We want to say, “Come on, David, you’re not God. You will die. They will put you in a hole. You will rot. Your flesh will decay in the ground. What are you talking about?” Then David gives the jaw-dropping explanation in Psalm 16:10. Death is not going to have the last word here. “For you [O God] will not abandon my soul to Sheol [the place of the dead], or let your holy one see [not even see!] corruption.” But David, there’s a pit waiting for you. Every person who dies is thrown into this pit, and in that pit you decay. You see corruption.
And right at this point, the apostle Peter (in Acts 2) and the apostle Paul (in Acts 13) read verse 10, and they say, “This is the Messiah. This is Jesus Christ, whose flesh did not see corruption.” How did they see that? Listen to Peter in Acts 2:29–32. I’m going to take it in two stages. What Peter says is amazing. Because he doesn’t just say, “This is Jesus”; he says why he thinks this is Jesus. He has just quoted Psalm 16:8–10. Now he explains for the Jewish crowd whom he wants to persuade that Jesus is the Messiah:
Brothers, I may say to you with confidence about the patriarch David that he both died and was buried, and his tomb is with us to this day. Being therefore a prophet, and knowing that God had sworn with an oath to him that he would set one of his descendants on his throne . . .

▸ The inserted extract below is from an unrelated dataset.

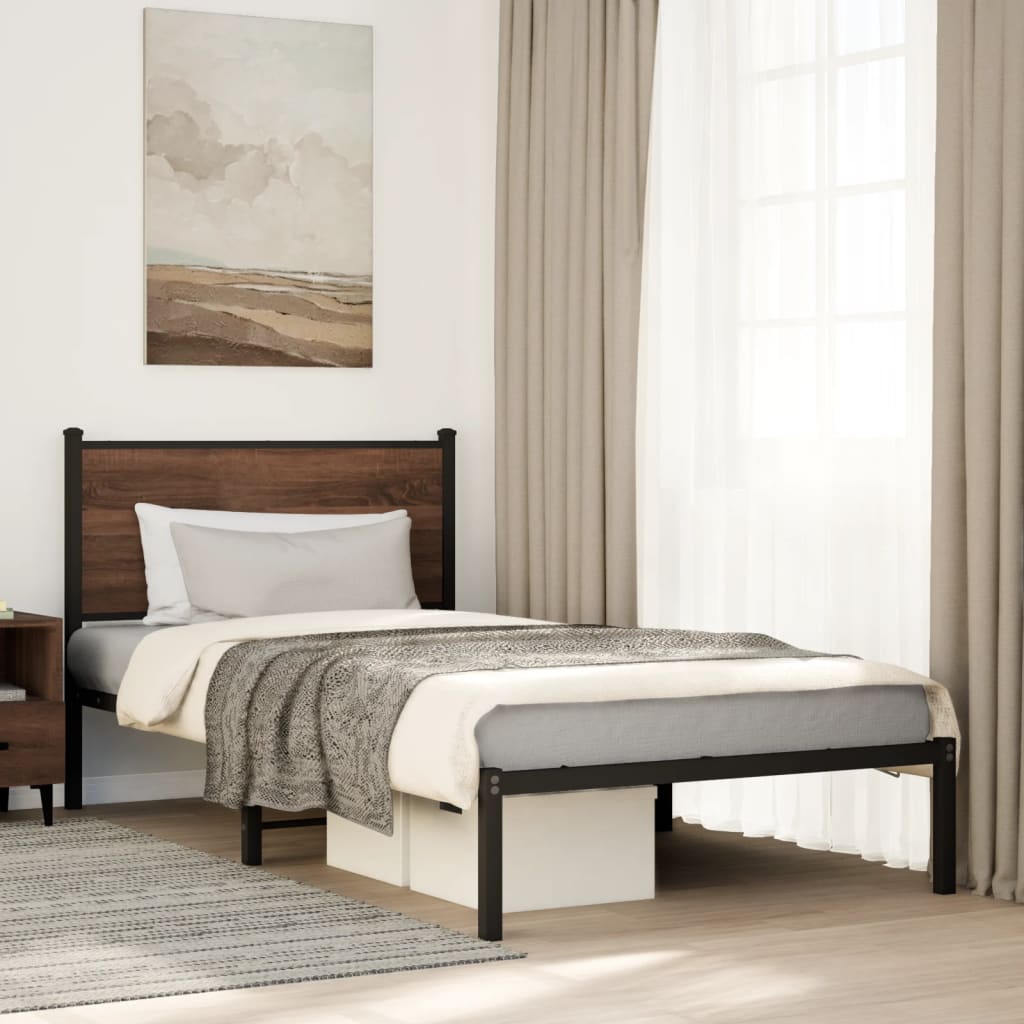 Metallbett 100x200 cm Braun Eiche ohne Matratze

Stop there. What’s he saying? Why is he telling us this? What’s he referring to? How is this helping us grasp how he saw Jesus in verse 10? David knows something. What does he know? He knows God took an oath and swore something to him. He’s referring to 1 Chronicles 17:11–12, where God says to David, “When your days are fulfilled to walk with your fathers, I will raise up your offspring after you, one of your own sons, . . . and I will establish his throne forever.” David knows this. He knows he is not the Messiah. “I am David, and a son of David is coming. God told me this. And the difference between me and him is that he reigns forever. I don’t — I decay. He will not see corruption. He’s bigger, better, longer than I am.” So as David is writing Psalm 16:10, he’s conscious that all of his glorious experience of God is a prefiguration. He’s a forerunner who is pointing to the one who is going to be so much more. He’s aware of this, and as he writes he is being caught up into tremendous confidence.

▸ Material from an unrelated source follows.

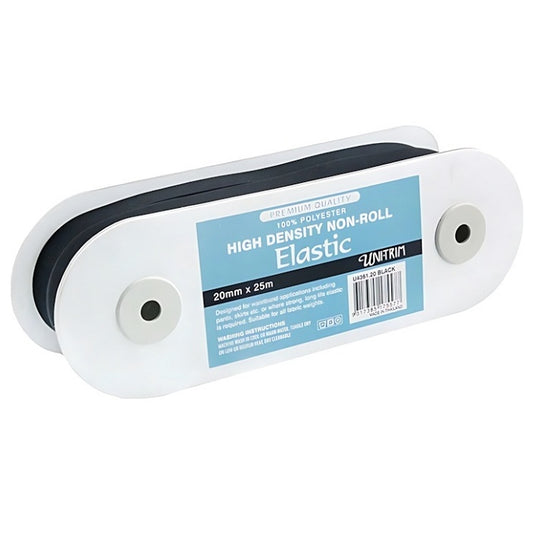 Roll of black elastic with Uni-Trim label.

It’s the Advent season. It’s Christmas. And you know the beautiful Christmas words of Gabriel to Mary: “[This child] will be called the Son of the Most High. And the Lord God will give to him the throne of his father David, and he will reign over the house of Jacob forever, and of his kingdom there will be no end” (Luke 1:32–33). David knew this about his son. He didn’t know when; he didn’t know who; he didn’t know how. He just knew, “He’s coming, and he’s going to be infinitely greater than I am. And if I am to be rescued from death” — which verse 11 certainly signifies (my pleasures at God’s right hand are forever; death will not end my relationship with God) — “what could be greater?” What could be greater is he never even sees corruption.
That’s the second half of Psalm 16:10. And that’s what Peter and Paul saw. They saw David on the wings of the Spirit of prophecy reach the apex of his own hope and go beyond it. And they said, “That’s the Messiah.” And so, Peter finishes his explanation of Psalm 16:10 (in Acts 2:31–32), “[David] foresaw and spoke about the resurrection of the Christ, that he was not abandoned to Hades, nor did his flesh see corruption.” David spoke about the Messiah when he said, “He won’t even see corruption.” Peter keeps going: “This Jesus God raised up, and of that we all are witnesses.”

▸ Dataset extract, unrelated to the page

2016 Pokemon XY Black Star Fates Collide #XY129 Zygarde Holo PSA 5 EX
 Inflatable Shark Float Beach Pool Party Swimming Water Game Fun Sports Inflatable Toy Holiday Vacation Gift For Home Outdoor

So, Peter is not just saying, “It’s Jesus.” He’s explaining how he drew down that conviction from what he knows that David knows about the son of David from the promise God had made to him. David, like all true prophets, is being carried along by the Holy Spirit. His spirit is rising with the joyful confidence that God will preserve him. God is his Lord. God is his delight. God is his portion and his inheritance. God will give him pleasures forever. And death itself will not be the last word. God will not abandon him to Sheol. At this point, the Spirit of prophecy takes over and says, “And your son is going to be greater than all that. He will not even see corruption.”
Put Christ Before You
So dear South Cities Church, how are you going to embrace the reality of Psalm 16 in view of verse 10? This is my closing counsel to you and my prayer for you as an eleven-day-old church. Let me put it negatively. If David is wrong in verse 10, and he’s not a prefiguration, a forerunner, of a Son of David who would rise from the dead, then you can kiss Psalm 16 goodbye. You can close your Bibles and kiss everything I’ve said goodbye. Because every blessing — God my good, God my Lord, God my delight, God my portion, God my cup, God my inheritance, God my fullness of joy, God my pleasures forevermore — is promised to sinners. David was a sinner — an adulterer, a murderer. So how in the world can he claim these for himself? How can we?
And the answer is that this Son of David purchased them. He died for the sins of Old Testament saints and the sins of New Testaments saints (Romans 3:25–26). David’s sins are covered by the blood of Jesus. My sins and your sins are covered by the blood of Jesus if we trust in him. Therefore, there’s forgiveness in the blood, and there’s a future in the resurrection. And therefore, Psalm 16 is yours because of Christ. Verse 10 is true. He did die; he did rise; his flesh did not see corruption. And therefore, you can bank on these promises.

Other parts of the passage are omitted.